• Assignment: Below are records; count how many of their lines contain the string "Audi", and give only that number.

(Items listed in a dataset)
════

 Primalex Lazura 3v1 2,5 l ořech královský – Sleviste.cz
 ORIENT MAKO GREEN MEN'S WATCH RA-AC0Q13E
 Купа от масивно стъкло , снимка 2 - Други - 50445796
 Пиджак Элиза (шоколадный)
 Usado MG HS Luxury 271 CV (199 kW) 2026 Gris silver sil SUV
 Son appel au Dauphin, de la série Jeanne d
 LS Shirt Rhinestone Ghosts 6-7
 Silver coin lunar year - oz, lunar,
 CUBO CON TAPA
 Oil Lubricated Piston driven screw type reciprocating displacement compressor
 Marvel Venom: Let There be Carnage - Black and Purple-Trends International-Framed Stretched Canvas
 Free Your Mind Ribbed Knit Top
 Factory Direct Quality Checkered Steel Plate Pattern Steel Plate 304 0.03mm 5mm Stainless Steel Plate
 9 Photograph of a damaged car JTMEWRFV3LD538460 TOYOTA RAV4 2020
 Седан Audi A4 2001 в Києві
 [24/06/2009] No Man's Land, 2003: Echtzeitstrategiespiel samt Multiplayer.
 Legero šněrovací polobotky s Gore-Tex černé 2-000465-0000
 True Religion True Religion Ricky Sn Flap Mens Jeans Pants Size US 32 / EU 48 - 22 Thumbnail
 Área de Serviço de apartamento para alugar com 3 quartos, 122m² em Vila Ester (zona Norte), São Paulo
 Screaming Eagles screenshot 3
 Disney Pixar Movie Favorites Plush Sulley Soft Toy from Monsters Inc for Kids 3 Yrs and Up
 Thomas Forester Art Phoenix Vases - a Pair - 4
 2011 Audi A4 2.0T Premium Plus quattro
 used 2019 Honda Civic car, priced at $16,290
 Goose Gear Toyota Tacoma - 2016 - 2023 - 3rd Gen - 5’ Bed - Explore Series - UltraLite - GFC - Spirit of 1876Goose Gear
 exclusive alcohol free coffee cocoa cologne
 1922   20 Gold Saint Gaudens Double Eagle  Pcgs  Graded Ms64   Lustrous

════

• Solution for this exercise: 2